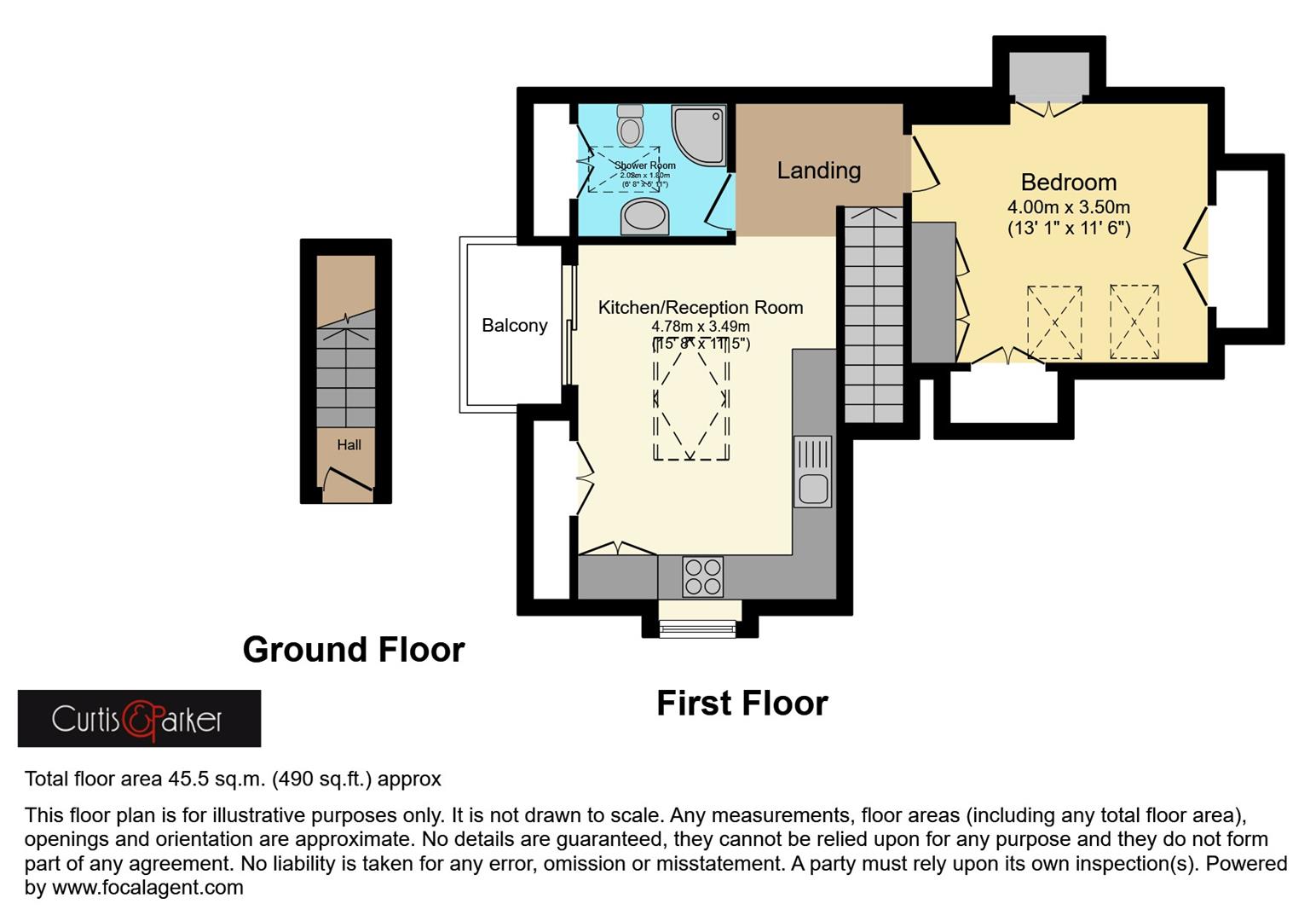 Floorplan for Goldhawk Road, London. W6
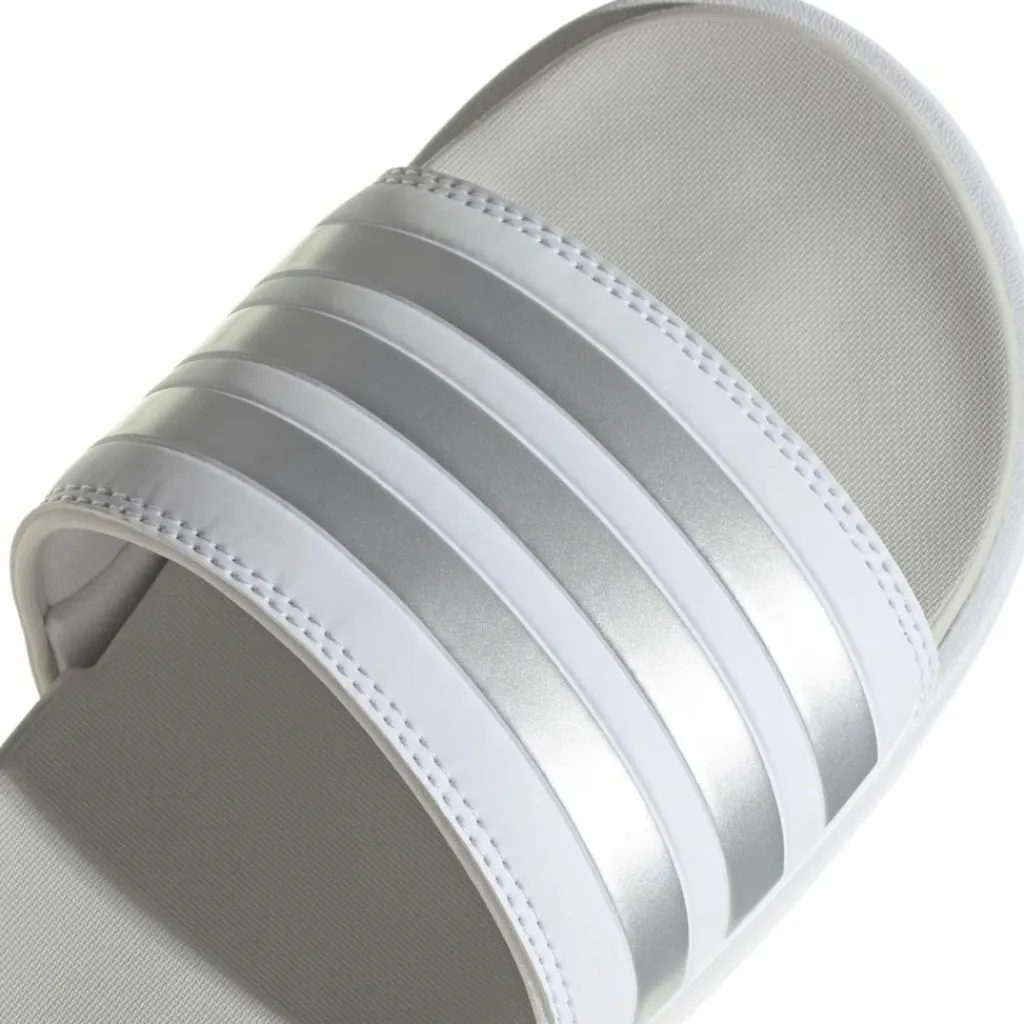 adidas Badeschuhe<· Adilette Platform ftwr white-zero metallic-grey one
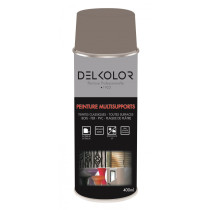 Peinture aérosol multisupport gris métal RAL 9007 400ml Delkolor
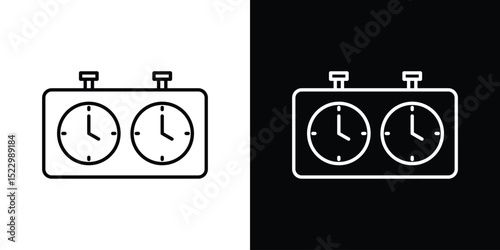 Chess clock icon Graphic vector set for ui design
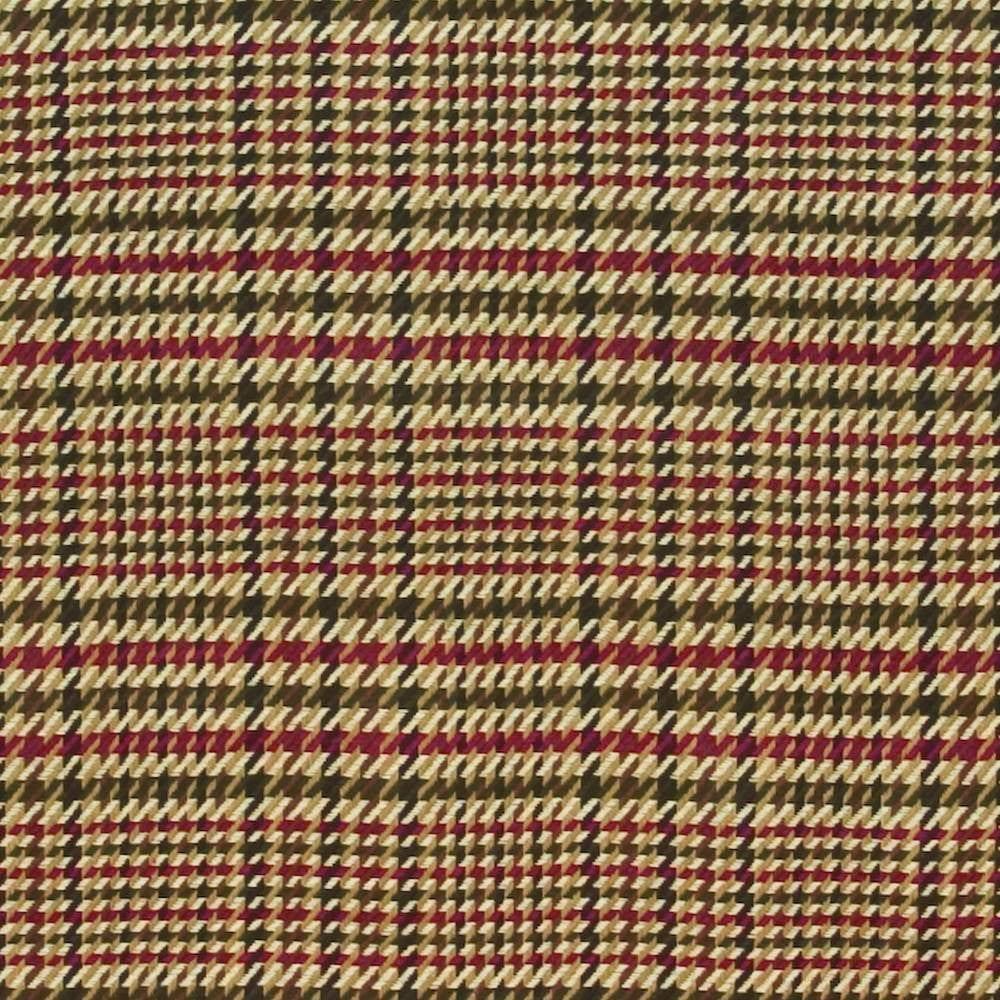 Eberhardt Plaid Peppercorn by Kasmir Fabric 1399 100% Cotton INDIA 6,000 Wyzenbeek Double Rubs H: 5 2/8 inches, V:5 4/8 inches 54 - Fabric Carolina - Kasmir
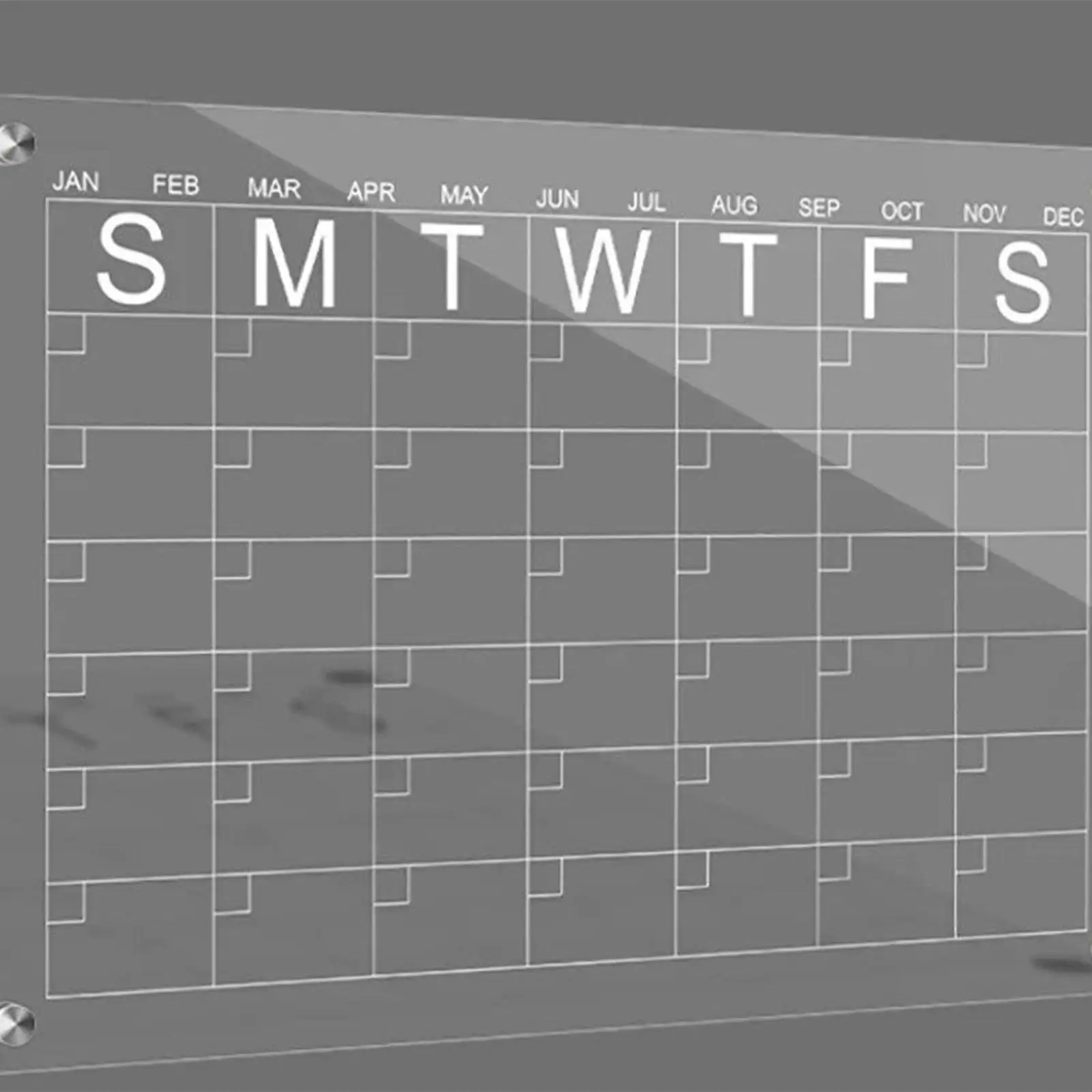 クリアカレンダー冷蔵庫用ドライイレース冷蔵庫カレンダーマグネットクリアボードマンスリープランナーホワイトボード用マーカー6本付き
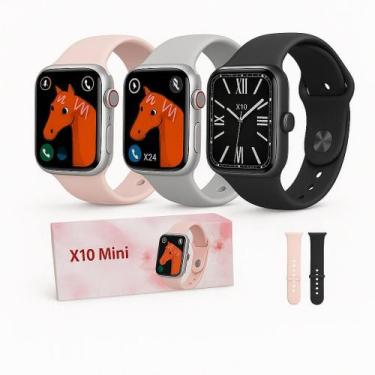 Imagem de Relogio Smartwatch LaxasFit X10 Mini 41mm Serie 10 Pulseira Extra Lanç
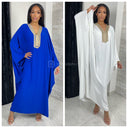 Beautiful Abaya Golden Neck Super Oversized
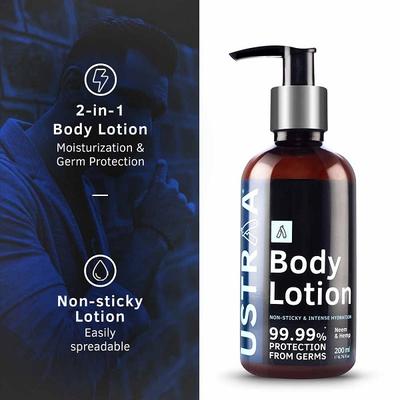 Ustraa Body Lotion - Neem & Hemp 200 ml - Lotions & Creams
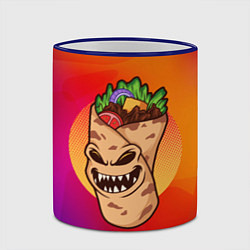 Кружка 3D Шаурма - зомби, цвет: 3D-синий кант — фото 2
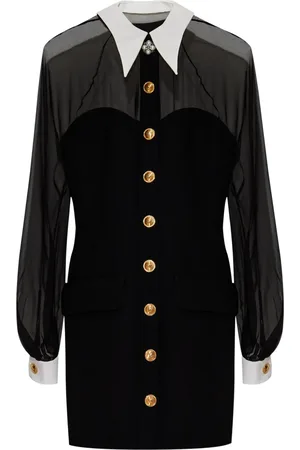 VERSACE Panelled bustier mini dress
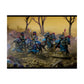 Wargames Atlantic Death Fields - Les Grognards Cavalry (9 Figures) Multi-Part Hard Plastic (HIGH Impact POLYSTYRENE) 28MM Figure - Made in The USA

☆ ☆ ☆ ☆ ☆ ☆ ☆

Once the images are removed, print the remaining data exactly as it appears above.

- _ANSWER TO THE PROBLEM_
 Floorplan for Goldhawk Road, London. W6
 adidas Badeschuhe<· Adilette Platform ftwr white-zero metallic-grey one
 Peinture aérosol multisupport gris métal RAL 9007 400ml Delkolor
 Chess clock icon Graphic vector set for ui design
 Eberhardt Plaid Peppercorn by Kasmir Fabric 1399 100% Cotton INDIA 6,000 Wyzenbeek Double Rubs H: 5 2/8 inches, V:5 4/8 inches 54 - Fabric Carolina - Kasmir
 クリアカレンダー冷蔵庫用ドライイレース冷蔵庫カレンダーマグネットクリアボードマンスリープランナーホワイトボード用マーカー6本付き
 Imagem de Relogio Smartwatch LaxasFit X10 Mini 41mm Serie 10 Pulseira Extra Lanç
 Beautiful Abaya Golden Neck Super Oversized
 Ustraa Body Lotion - Neem & Hemp 200 ml - Lotions & Creams
 Кружка 3D Шаурма - зомби, цвет: 3D-синий кант — фото 2
 VERSACE Panelled bustier mini dress
 Wargames Atlantic Death Fields - Les Grognards Cavalry (9 Figures) Multi-Part Hard Plastic (HIGH Impact POLYSTYRENE) 28MM Figure - Made in The USA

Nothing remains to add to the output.